#### TASK
Whatever the records say, give every one of them again exactly.

#### Records contained in a dataset
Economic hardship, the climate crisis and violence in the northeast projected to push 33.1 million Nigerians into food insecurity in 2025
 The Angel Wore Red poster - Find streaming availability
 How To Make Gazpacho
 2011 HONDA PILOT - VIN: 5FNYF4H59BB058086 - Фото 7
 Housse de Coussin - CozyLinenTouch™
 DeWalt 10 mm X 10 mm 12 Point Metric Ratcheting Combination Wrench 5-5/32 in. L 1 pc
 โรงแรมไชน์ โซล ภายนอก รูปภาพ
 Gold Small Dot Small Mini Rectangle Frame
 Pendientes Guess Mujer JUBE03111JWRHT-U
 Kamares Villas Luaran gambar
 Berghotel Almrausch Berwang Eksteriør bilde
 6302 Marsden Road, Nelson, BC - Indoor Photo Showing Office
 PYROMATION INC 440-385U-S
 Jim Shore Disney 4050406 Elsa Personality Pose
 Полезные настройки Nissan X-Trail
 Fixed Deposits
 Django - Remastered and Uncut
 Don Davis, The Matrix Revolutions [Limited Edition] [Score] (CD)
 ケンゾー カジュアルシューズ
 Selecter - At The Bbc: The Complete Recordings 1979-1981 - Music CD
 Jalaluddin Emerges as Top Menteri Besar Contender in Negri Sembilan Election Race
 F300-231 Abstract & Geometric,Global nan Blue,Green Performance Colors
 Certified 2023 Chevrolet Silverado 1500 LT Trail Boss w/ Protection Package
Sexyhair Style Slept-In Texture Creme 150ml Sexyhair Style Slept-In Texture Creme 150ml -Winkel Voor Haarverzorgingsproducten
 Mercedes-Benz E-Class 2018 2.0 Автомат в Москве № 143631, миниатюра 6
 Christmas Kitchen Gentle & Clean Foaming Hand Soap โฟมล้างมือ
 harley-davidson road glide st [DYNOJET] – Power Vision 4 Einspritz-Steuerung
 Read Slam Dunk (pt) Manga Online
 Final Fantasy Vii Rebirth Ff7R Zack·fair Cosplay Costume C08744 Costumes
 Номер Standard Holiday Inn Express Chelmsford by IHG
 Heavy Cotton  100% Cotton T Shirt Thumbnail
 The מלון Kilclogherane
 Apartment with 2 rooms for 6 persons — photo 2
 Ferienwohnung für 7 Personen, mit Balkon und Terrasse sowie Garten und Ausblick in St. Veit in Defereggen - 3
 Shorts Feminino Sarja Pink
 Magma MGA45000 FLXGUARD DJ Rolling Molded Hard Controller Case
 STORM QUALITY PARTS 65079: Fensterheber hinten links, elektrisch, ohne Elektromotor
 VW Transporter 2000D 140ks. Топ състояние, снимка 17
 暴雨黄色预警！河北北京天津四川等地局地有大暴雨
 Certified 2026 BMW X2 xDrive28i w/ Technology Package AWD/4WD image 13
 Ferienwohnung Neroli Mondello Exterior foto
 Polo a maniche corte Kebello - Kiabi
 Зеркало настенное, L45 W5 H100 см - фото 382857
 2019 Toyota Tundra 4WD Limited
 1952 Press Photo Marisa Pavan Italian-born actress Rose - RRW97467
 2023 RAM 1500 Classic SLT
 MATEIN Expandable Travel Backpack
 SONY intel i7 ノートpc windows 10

#### SOLUTION TO THIS PROBLEM
Economic hardship, the climate crisis and violence in the northeast projected to push 33.1 million Nigerians into food insecurity in 2025
 The Angel Wore Red poster - Find streaming availability
 How To Make Gazpacho
 2011 HONDA PILOT - VIN: 5FNYF4H59BB058086 - Фото 7
 Housse de Coussin - CozyLinenTouch™
 DeWalt 10 mm X 10 mm 12 Point Metric Ratcheting Combination Wrench 5-5/32 in. L 1 pc
 โรงแรมไชน์ โซล ภายนอก รูปภาพ
 Gold Small Dot Small Mini Rectangle Frame
 Pendientes Guess Mujer JUBE03111JWRHT-U
 Kamares Villas Luaran gambar
 Berghotel Almrausch Berwang Eksteriør bilde
 6302 Marsden Road, Nelson, BC - Indoor Photo Showing Office
 PYROMATION INC 440-385U-S
 Jim Shore Disney 4050406 Elsa Personality Pose
 Полезные настройки Nissan X-Trail
 Fixed Deposits
 Django - Remastered and Uncut
 Don Davis, The Matrix Revolutions [Limited Edition] [Score] (CD)
 ケンゾー カジュアルシューズ
 Selecter - At The Bbc: The Complete Recordings 1979-1981 - Music CD
 Jalaluddin Emerges as Top Menteri Besar Contender in Negri Sembilan Election Race
 F300-231 Abstract & Geometric,Global nan Blue,Green Performance Colors
 Certified 2023 Chevrolet Silverado 1500 LT Trail Boss w/ Protection Package
Sexyhair Style Slept-In Texture Creme 150ml Sexyhair Style Slept-In Texture Creme 150ml -Winkel Voor Haarverzorgingsproducten
 Mercedes-Benz E-Class 2018 2.0 Автомат в Москве № 143631, миниатюра 6
 Christmas Kitchen Gentle & Clean Foaming Hand Soap โฟมล้างมือ
 harley-davidson road glide st [DYNOJET] – Power Vision 4 Einspritz-Steuerung
 Read Slam Dunk (pt) Manga Online
 Final Fantasy Vii Rebirth Ff7R Zack·fair Cosplay Costume C08744 Costumes
 Номер Standard Holiday Inn Express Chelmsford by IHG
 Heavy Cotton  100% Cotton T Shirt Thumbnail
 The מלון Kilclogherane
 Apartment with 2 rooms for 6 persons — photo 2
 Ferienwohnung für 7 Personen, mit Balkon und Terrasse sowie Garten und Ausblick in St. Veit in Defereggen - 3
 Shorts Feminino Sarja Pink
 Magma MGA45000 FLXGUARD DJ Rolling Molded Hard Controller Case
 STORM QUALITY PARTS 65079: Fensterheber hinten links, elektrisch, ohne Elektromotor
 VW Transporter 2000D 140ks. Топ състояние, снимка 17
 暴雨黄色预警！河北北京天津四川等地局地有大暴雨
 Certified 2026 BMW X2 xDrive28i w/ Technology Package AWD/4WD image 13
 Ferienwohnung Neroli Mondello Exterior foto
 Polo a maniche corte Kebello - Kiabi
 Зеркало настенное, L45 W5 H100 см - фото 382857
 2019 Toyota Tundra 4WD Limited
 1952 Press Photo Marisa Pavan Italian-born actress Rose - RRW97467
 2023 RAM 1500 Classic SLT
 MATEIN Expandable Travel Backpack
 SONY intel i7 ノートpc windows 10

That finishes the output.